Story by Kathleen Pokrud
Elite+ magazine recently spoke with Madame Marie Patricia Cotter, spouse of Ireland’s ambassador to Thailand, HE Joseph Anthony (Tony) Cotter, to learn about her interesting path as a public servant and supporting spouse.
Madame Marie was born and raised in Limerick City in the mid-west of Ireland, the youngest of three children. After an education by the Salesian nuns, she later graduated with a degree in Public Administration from the Institute of Public Administration in Dublin.
“My first job was with the Department of Justice in the Treatment of Offenders Division, which was extremely interesting not least because it was there I met my husband.”
“My first boss, Paddy Wilson, advised me to always accept an opportunity for change rather than be one of those left behind. I heeded his advice, which wasn’t always easy, but certainly did lead to a very varied and fulfilling career.”
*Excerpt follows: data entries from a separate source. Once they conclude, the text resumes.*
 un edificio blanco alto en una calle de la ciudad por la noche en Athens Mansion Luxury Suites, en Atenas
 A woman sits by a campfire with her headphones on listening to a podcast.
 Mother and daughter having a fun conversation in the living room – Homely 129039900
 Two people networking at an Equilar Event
After five years in the Department of Justice, Madame Marie moved to the Revenue Commissioners with responsibility for prosecutions against large tax defaulters. She shared, “The work was very interesting as well as challenging, comprising daily negotiations with errant companies and their legal teams followed by appearances in court to liquidate companies in an attempt to recover some of the outstanding taxes.”
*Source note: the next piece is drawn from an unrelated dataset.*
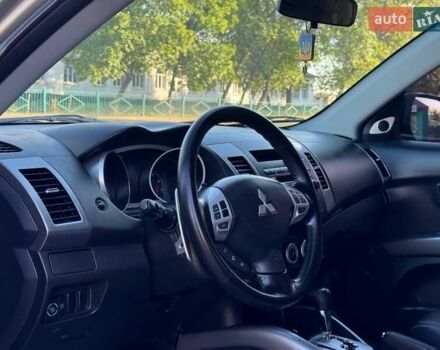 Бежевий Міцубісі Аутлендер, об'ємом двигуна 2.36 л та пробігом 200 тис. км за 8820 $, фото 18 на Automoto.ua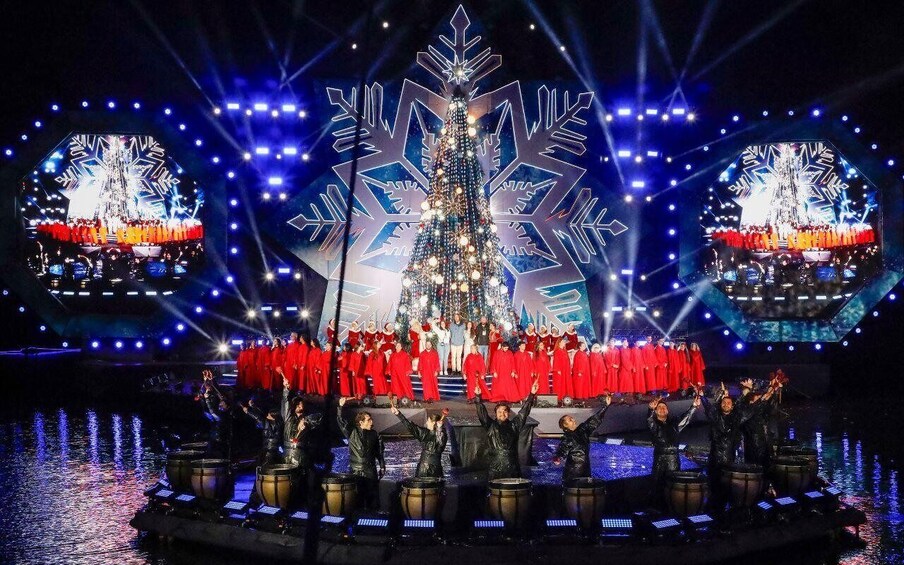 A stage with a large Christmas tree, performers in red, and a snowy backdrop. 3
Her next posting was at the Department of Social Welfare, heading up their prosecutions service. After three years, “I heard Paddy’s voice in my ear telling me it was time for a change, and this time I was lucky enough to be offered a position as Assistant Principal with the Public Appointments Service, which is responsible for the independent centralised recruitment, assessment and selection for the Civil Service and other public service bodies.”
Madame Marie said this move to an HR position turned out to be the most enjoyable and fulfilling post. In addition to business planning and training, she was also involved in running recruitment campaigns, marketing, chairing high level interview boards and membership of numerous inter-departmental committees charged with reform and modernisation of the public service. During that time, she also accepted a temporary move to the Defence Department to head their HR and training division to guide them through ISO and other accreditation processes.
The career of Madame Marie was interspersed with leaves of absence as she accompanied her husband on postings abroad. They have lived in Belgium, Zambia and Saudi Arabia. During these absences, she took the opportunity for further education in French, Montessori teaching, human resources, workplace relations and interior design. She said, “Although I took early retirement, I consider myself very lucky to have had such a fulfilling career in public service. In a way, as spouse to the Irish ambassador, my work in public service has actually continued.”
Madame Marie enjoys travel, interior design, flower arranging and cookery, although these passions were somewhat curtailed during her years working full-time and raising their daughter, Aisling. She joyfully admitted, “My current passion is my gorgeous grandson, Lucas James, who lives in Singapore with my daughter and son-in-law. He is the light of our lives and constantly delights us as he develops and grows and shows his personality.”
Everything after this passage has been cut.